30 Mar, 2015 3 commits

Merge MDEV-7847 and MDEV-7882 into 10.0. · c41e4d3b

Kristian Nielsen authored Mar 30, 2015

Conflicts:
	mysql-test/suite/rpl/r/rpl_parallel.result
	mysql-test/suite/rpl/t/rpl_parallel.test

c41e4d3b

MDEV-7847: "Slave worker thread retried transaction 10 time(s) in vain, giving... · 880f2273

Kristian Nielsen authored Mar 30, 2015

MDEV-7847: "Slave worker thread retried transaction 10 time(s) in vain, giving up", followed by replication hanging

This patch fixes a bug in the error handling in parallel replication, when one
worker thread gets a failure and other worker threads processing later
transactions have to rollback and abort.

The problem was with the lifetime of group_commit_orderer objects (GCOs).
A GCO is freed when we register that its last event group has committed. This
relies on register_wait_for_prior_commit() and wait_for_prior_commit() to
ensure that the fact that T2 has committed implies that any earlier T1 has
also committed, and can thus no longer execute mark_start_commit().

However, in the error case, the code was skipping the
register_wait_for_prior_commit() and wait_for_prior_commit() calls. Thus
commit ordering was not guaranteed, and a GCO could be freed too early. Then a
later mark_start_commit() would reference deallocated GCO, which could lead to
lost wakeup (causing slave threads to hang) or other corruption.

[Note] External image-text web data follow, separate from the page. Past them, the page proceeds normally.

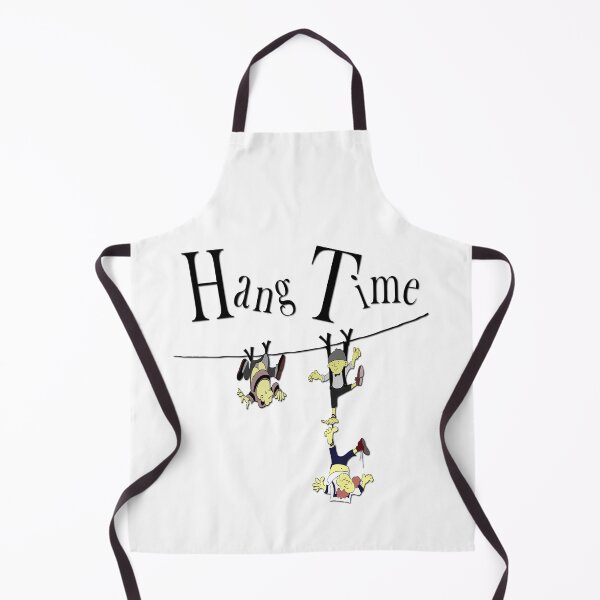 Item preview, Hang Time designed and sold by e-dream.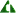 Chatelet-Douai.fr Favicon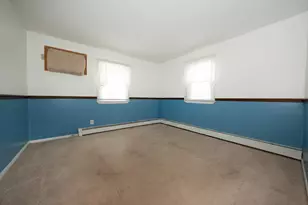 2815 Armstrong Ave, Holmes, PA 19043 - Photo 9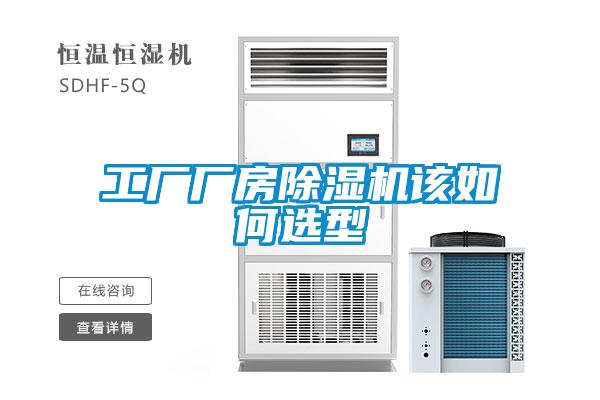 水性漆烘干選安詩曼，速度快更節(jié)能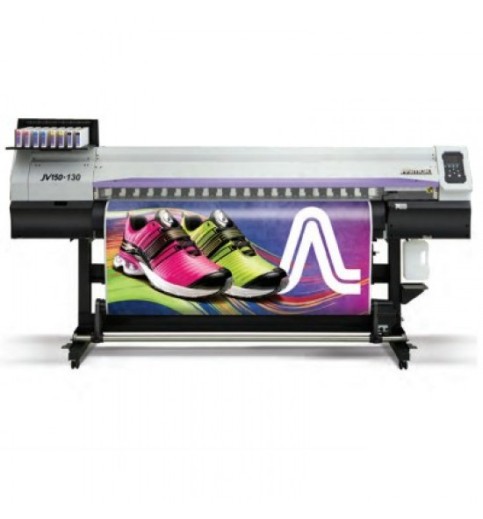 Mimaki JV150-130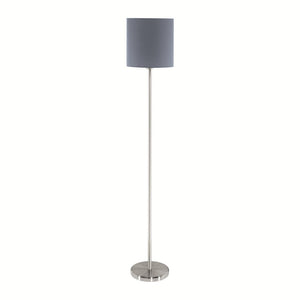 Lampadar Pasteri 95166 Lucente - Home & Lighting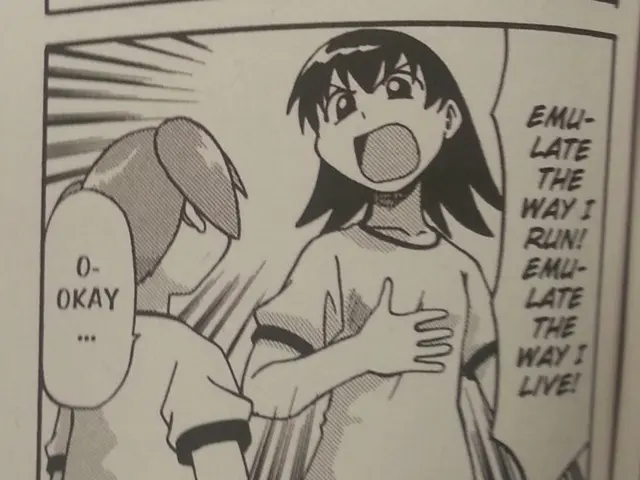 Challenging Areas to Streamline: Maintaining Relationships and Managing Attention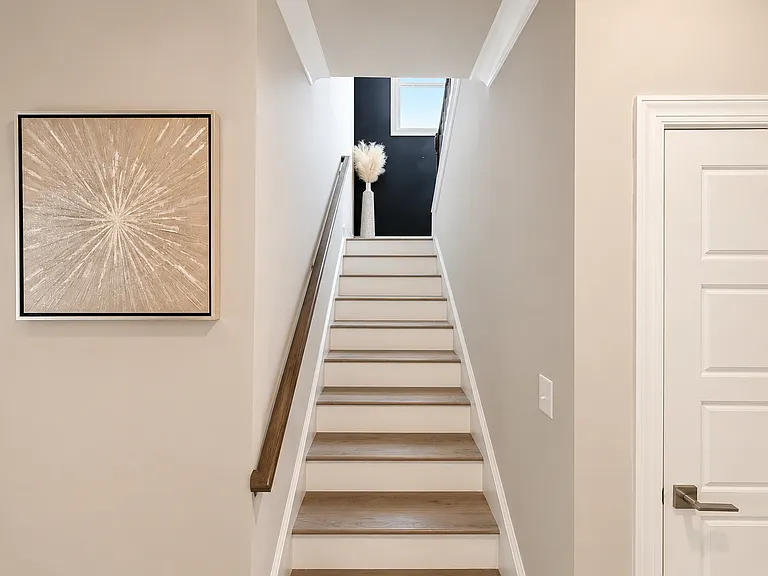 5 Cottontail Ct — Photo 13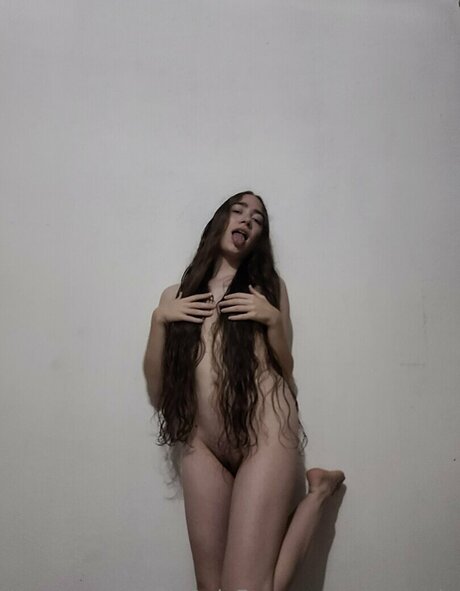 YoSoyGala ポルノスター エロティック 画像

This patch makes also the error case respect commit order. This way, also the
error case gets the GCO lifetime correct, and the hang no longer occurs.

880f2273

MDEV-7882: Excessive transaction retry in parallel replication · a4082918

Kristian Nielsen authored Mar 30, 2015

When a transaction in parallel replication needs to retry (eg. because of
deadlock kill), first wait for all prior transactions to commit before doing
the retry. This way, we avoid the retry once again conflicting with a prior
transaction, requiring yet another retry.

Without this patch, we saw "in the wild" that transactions had to be retried
more than 10 times to succeed, which exceeds the default
--slave_transaction_retries value and is in any case undesirable.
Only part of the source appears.